On 10/8/21 11:37 PM, Jim Fehlig wrote:
> There have been countless reports from users concerned about the following
> error reported by libvirtd when qemu domains are shutdown
>
> internal error: End of file from qemu monitor
>
> While the error is harmless, users often mistaken it for real problem with
> their deployments. EOF from the monitor can't be entirely ignored since
> other threads may be using the monitor and must be able to detect the EOF
> condition.
>
> One potential fix is to delay reporting EOF until the monitor is used
> after EOF is detected. This patch adds a 'goteof' member to the
> qemuMonitor structure, which is set when EOF is detected on the monitor
> socket.

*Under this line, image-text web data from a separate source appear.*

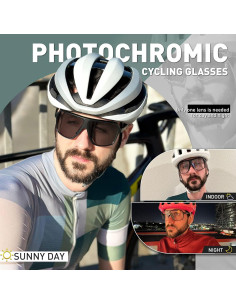 Gafas de Ciclismo KAPVOE Fotoquímicas UV400 para Adultos 2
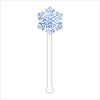 LCA-011 Snowflake 2 | 0.125in. Acrylic Drink Stirrer | Case of 100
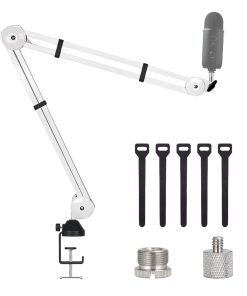 BOMGE Brazo de micrófono Soporte de micrófono Ajustable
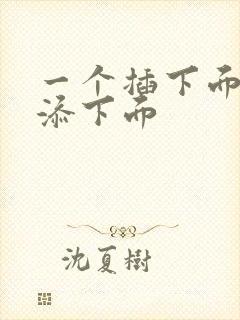 一个插下面一个添下面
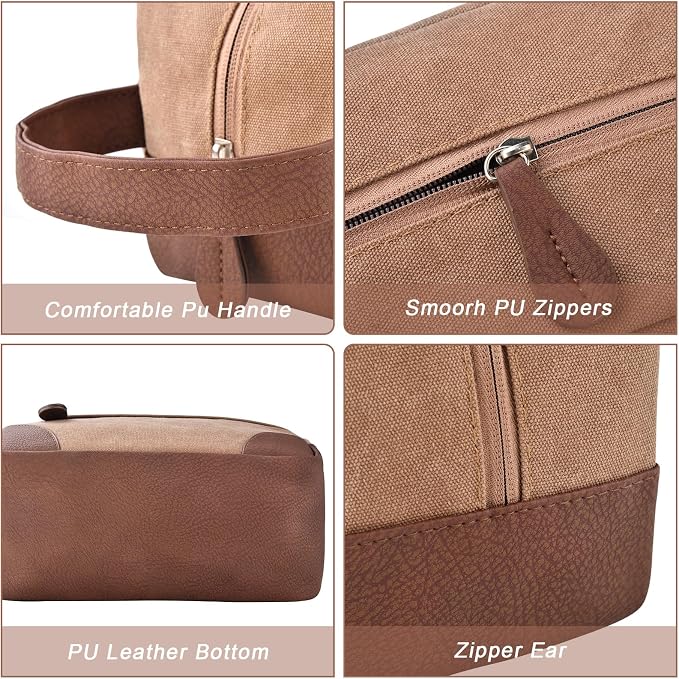Litvyak Duffle Bag for Travel, 50L Canvas Travel Duffel Bags Overnight Weekend - Image 8
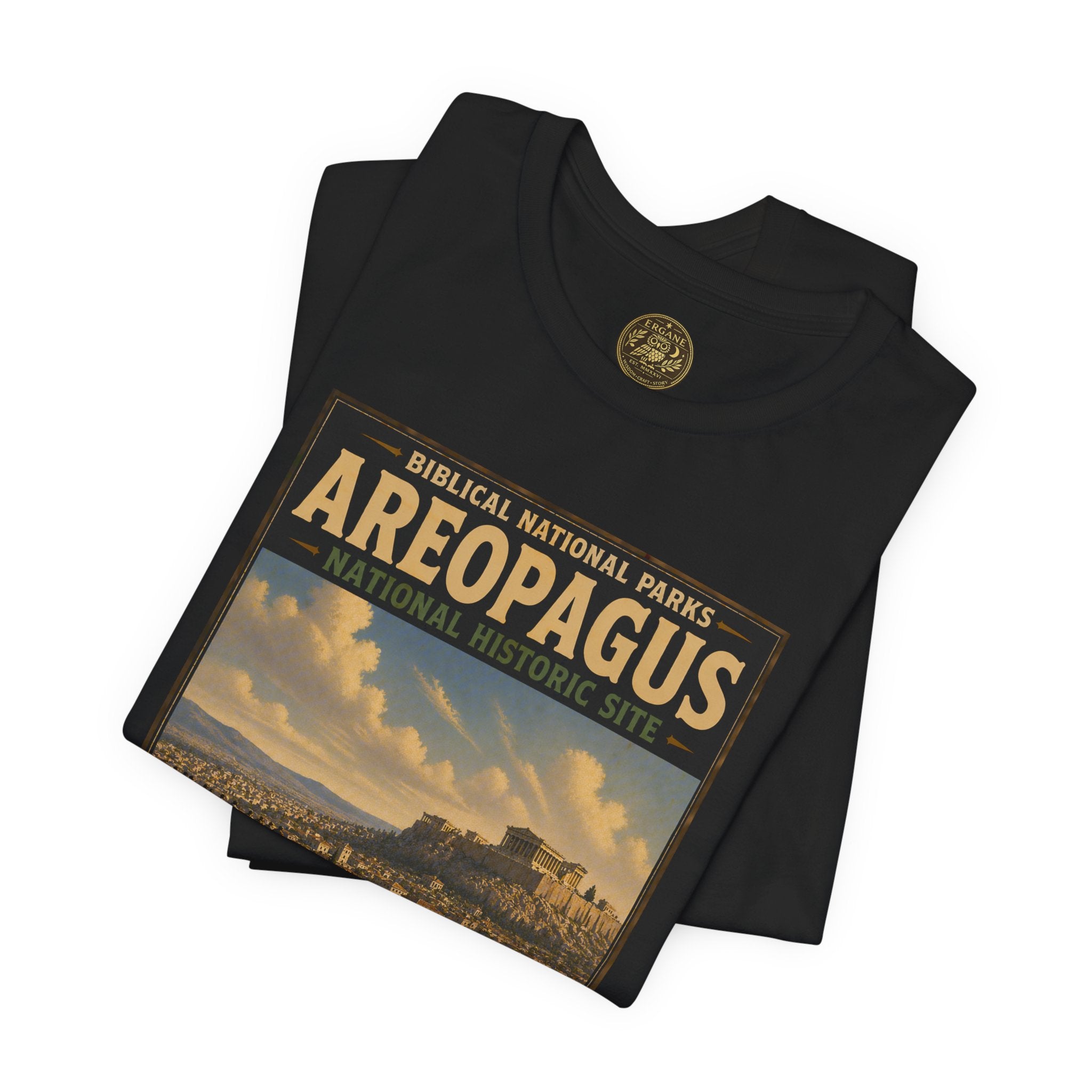 Biblical National Parks Collection VIII- The Apostles' Trails #046/049 | Acts 17 | Vintage nature poster Tee | Biblical national parks graphic shirt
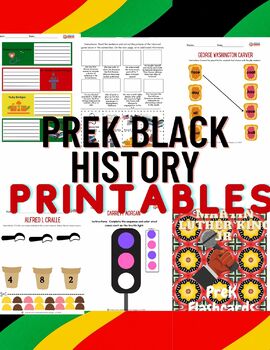 Preview of PreK-Black History Month Activities: Inventors/Inventions Art & Craft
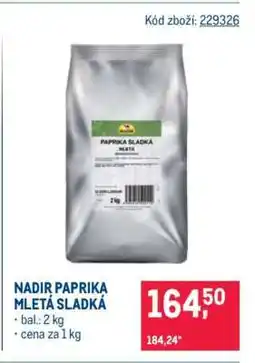 Makro Nadir paprika mletá sladká nabídka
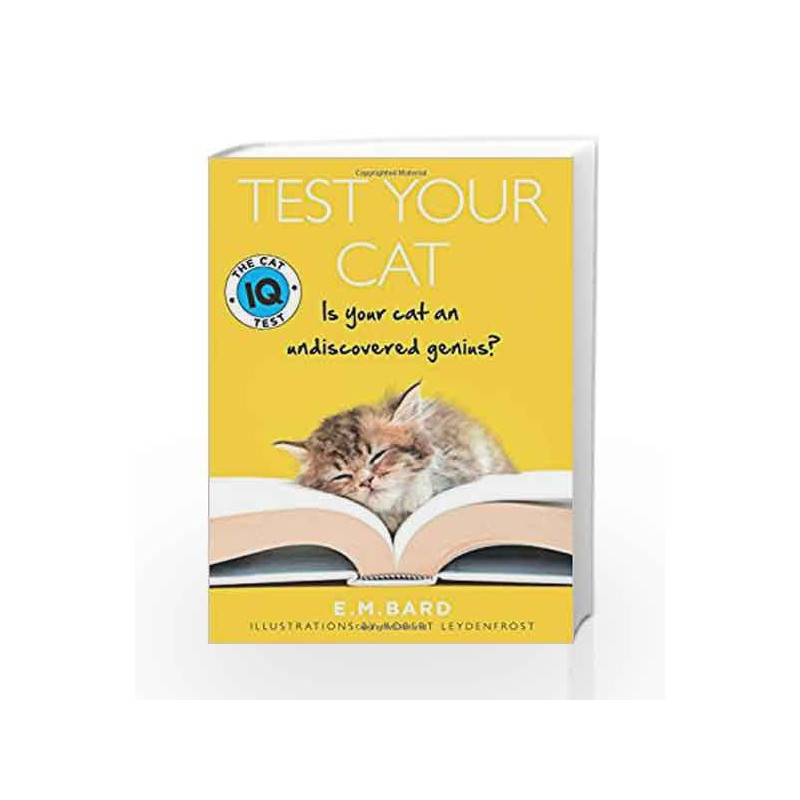 Test Your Cat: The Cat IQ Test New edition by E. M. Bard Book-9780007835676
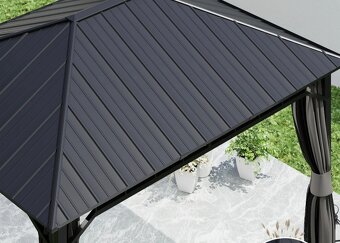 altánok 3x4m s pevnou strechou - 5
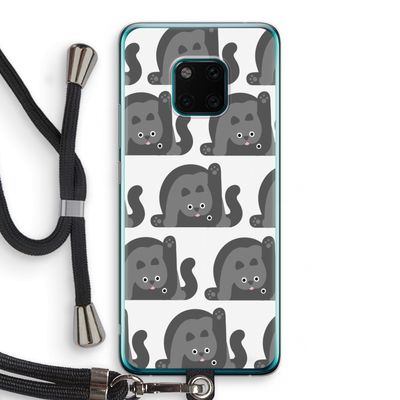 Cats: Huawei Mate 20 Pro Transparant Hoesje met koord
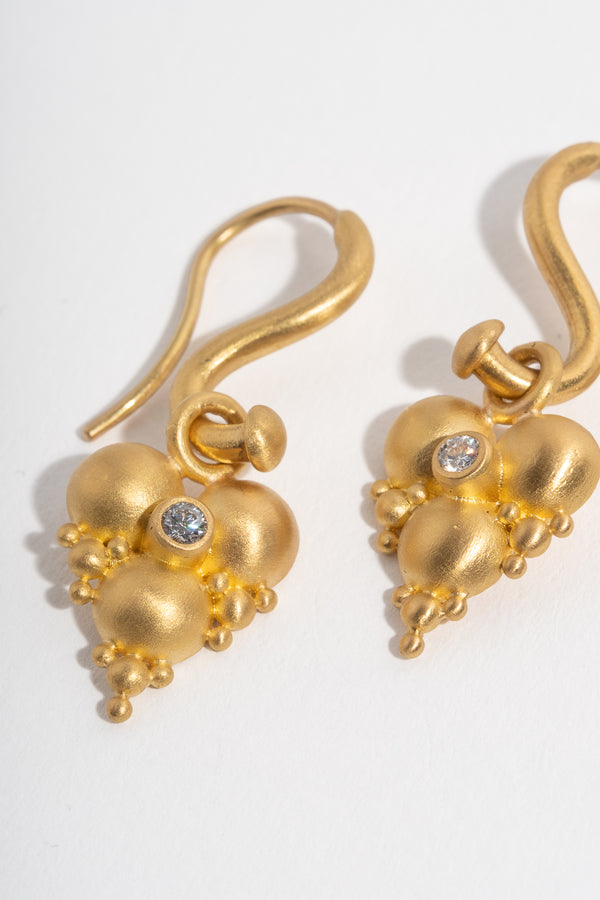 Heart Cluster Diamond Earring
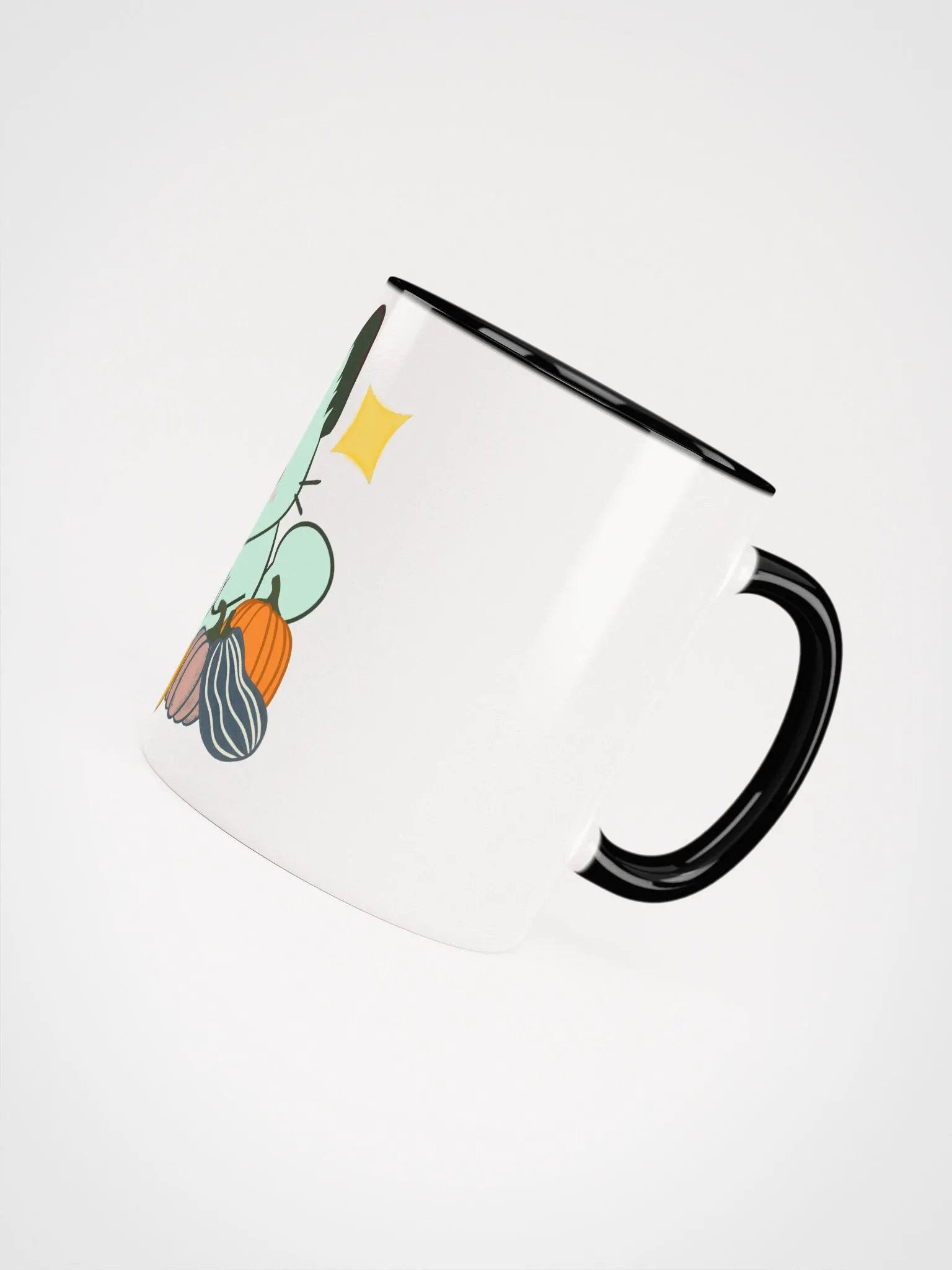 Spoopy Time Pumpkins Color Pop Ceramic Mug product image (4)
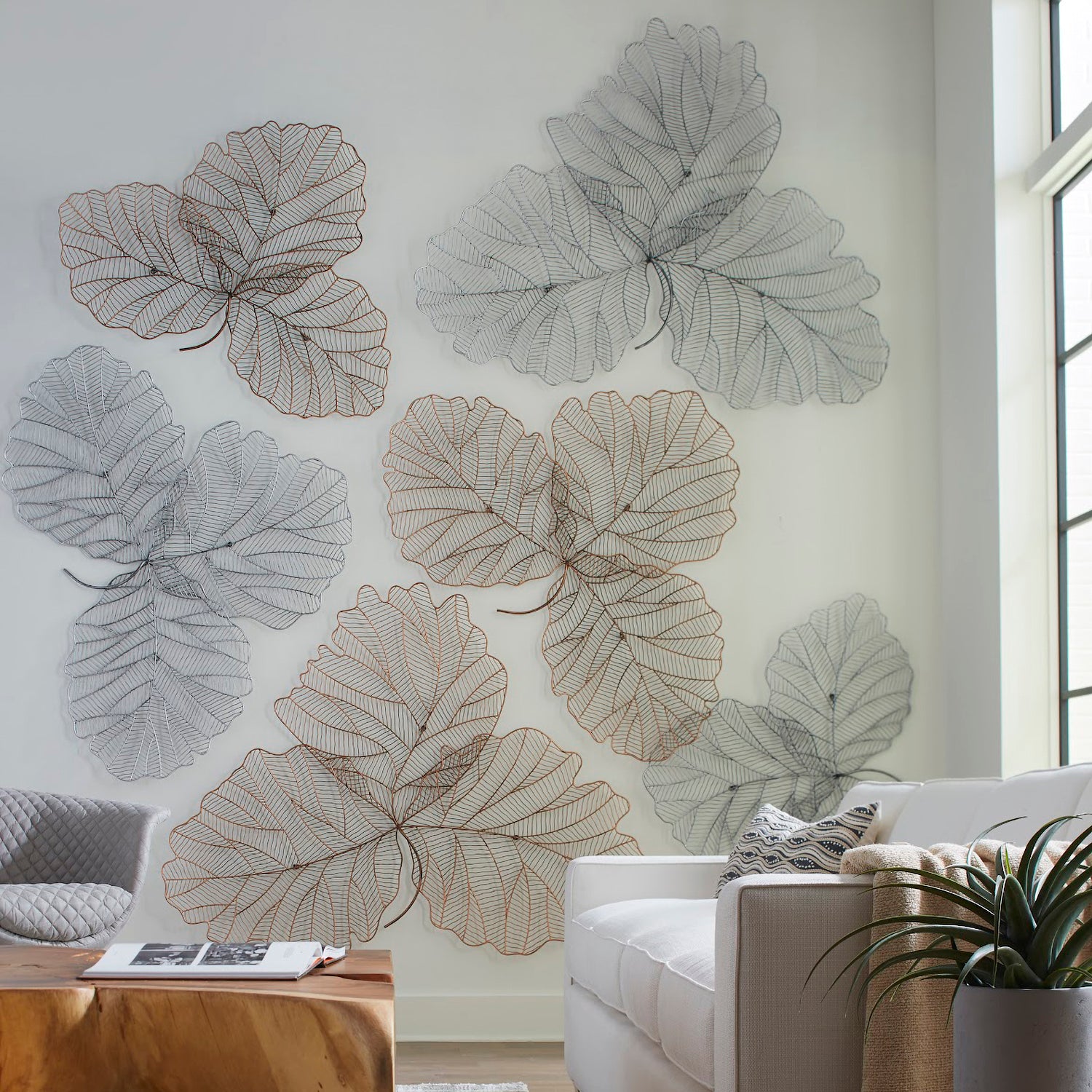 Phillips Collection Tri Leaf Wall Art - Thumbnail 5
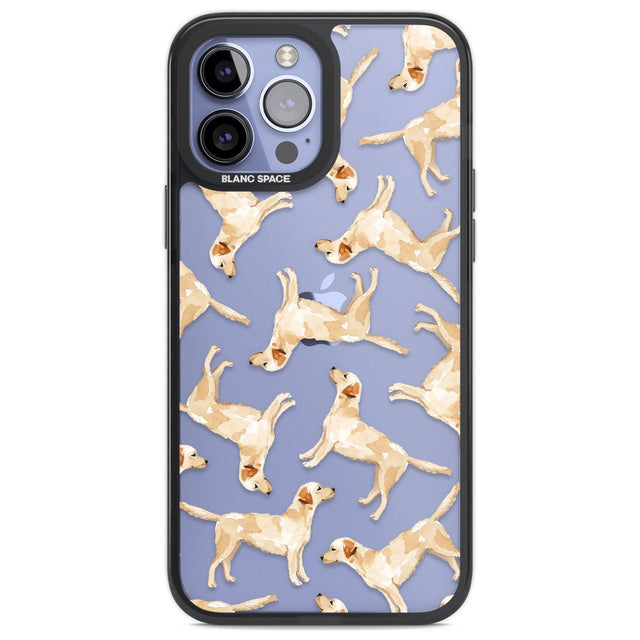 Yellow Labrador Watercolour Dog Pattern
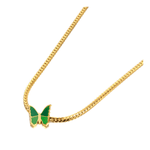 Green butterfly necklace nz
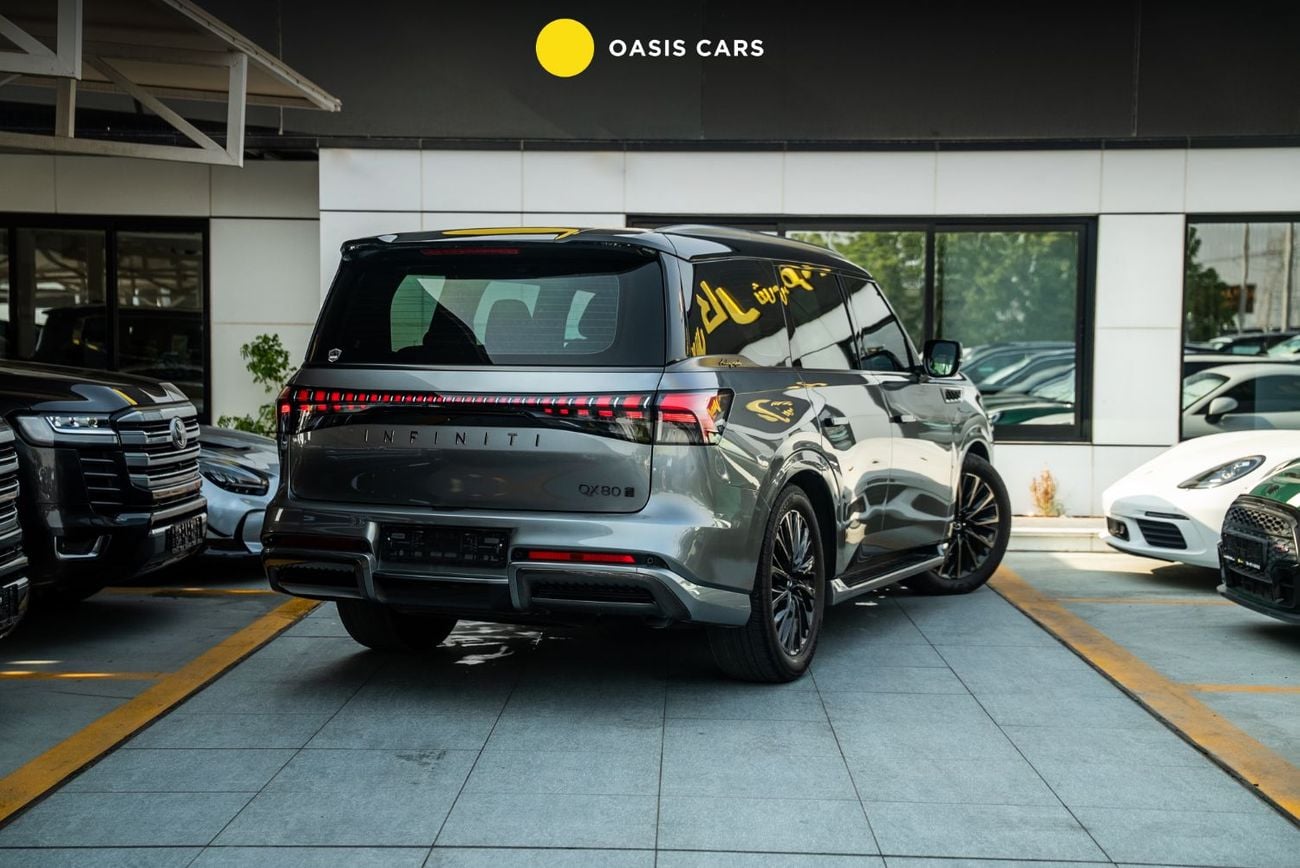 Infiniti QX80 AUTOGRAPH BENCH CHAIRS Autograph 2025 GCC Specs Agency Warranty Full Service History 3.5L Twin Turbo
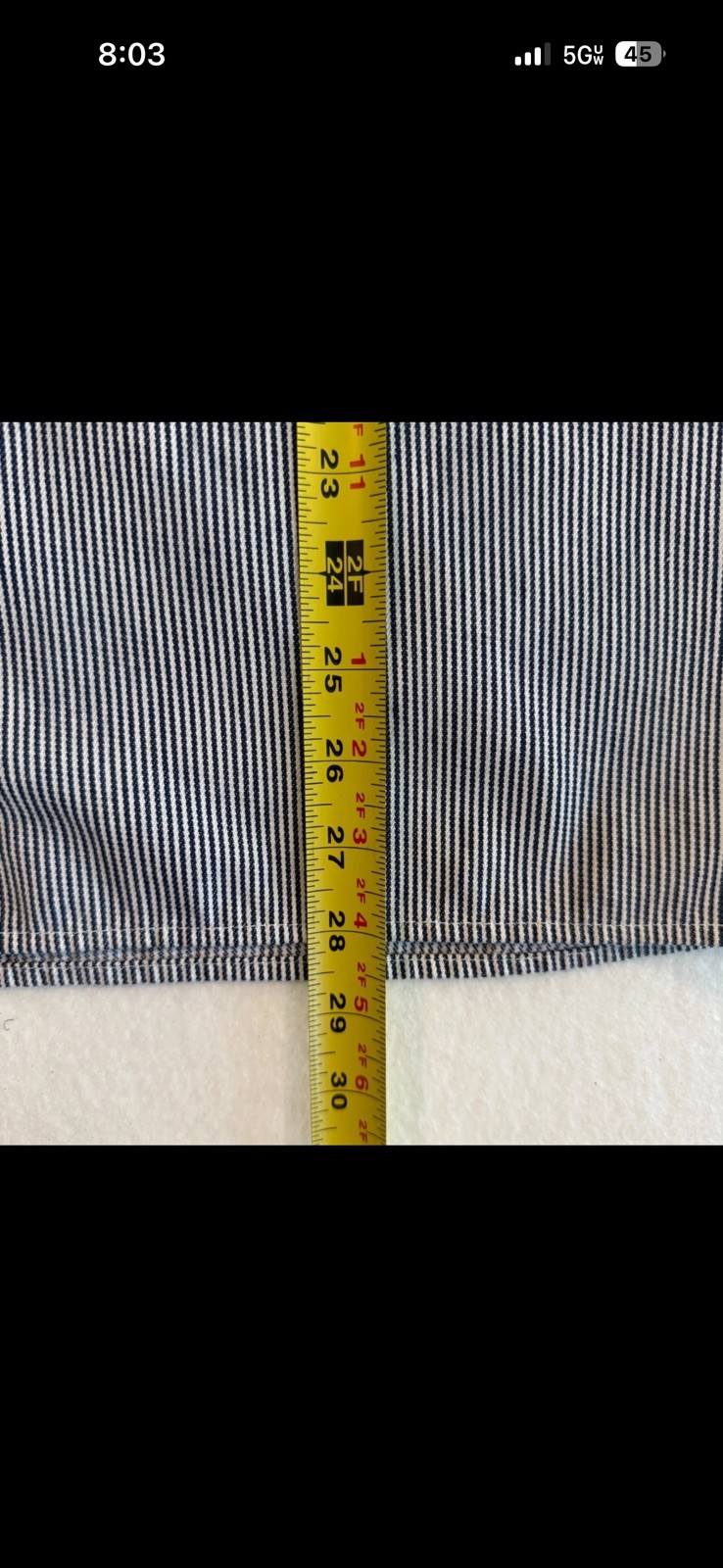 Ben Davis Hickory Stripe Half Zip Work Shirt Mens Large Blue White
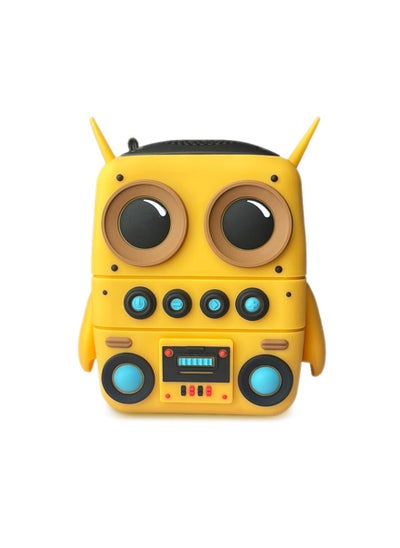 اشتري Cartoon Mini Bluetooth Speaker, Small Bluetooth 5.0 Speaker IP65 Wireless Bluetooth Mini Speaker Cute Robot Portable Wireless Speaker Miniature Wireless Robot Speaker for Home Camping Beach Outdoor في السعودية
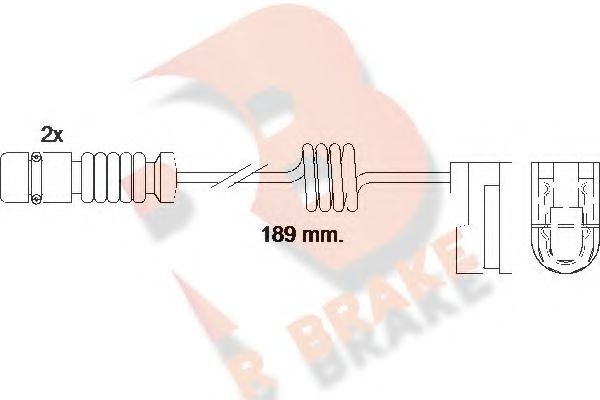 R BRAKE 610377RB Тормозные колодки R BRAKE для VOLKSWAGEN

If another thread later tries to send data on the monitor, the
> EOF error is reported.
>
> Signed-off-by: Jim Fehlig <jfehlig(a)suse.com>
> ---
>
> An RFC patch to squelch qemu monitor EOF error messages on VM shutdown.
> Previous discussions and information on testing of the patch can be
> found in this thread
>
>
https://listman.redhat.com/archives/libvir-list/2021-September/msg00949.html
>
> src/qemu/qemu_monitor.c | 29 ++++++++++++++++-------------
> 1 file changed, 16 insertions(+), 13 deletions(-)
>
> diff --git a/src/qemu/qemu_monitor.c b/src/qemu/qemu_monitor.c
> index 5fc23f13d3..751ec8ba6c 100644
> --- a/src/qemu/qemu_monitor.c
> +++ b/src/qemu/qemu_monitor.c
> @@ -113,6 +113,7 @@ struct _qemuMonitor {
>
> /* true if qemu no longer wants 'props' sub-object of object-add */
> bool objectAddNoWrap;
> + bool goteof;
> };
>
> /**
> @@ -526,10 +527,10 @@ qemuMonitorIO(GSocket *socket G_GNUC_UNUSED,
> {
> qemuMonitor *mon = opaque;
> bool error = false;
> - bool eof = false;
> bool hangup = false;
>
> virObjectRef(mon);
> + mon->goteof = false;
>
At this point, the monitor object is unlocked (see the line below). So
setting this flag outside is potentially dangerous. But, I don't think
we need to set ->goteof here at all, do we? I mean, the moment we see
EOF the monitor object will be disposed and not ever used again.
Agreed. I've removed it and sent a non-RFC version of the patch
As an update to the commentary in that patch, my tests have now survived 220
iterations.
Regards,
Jim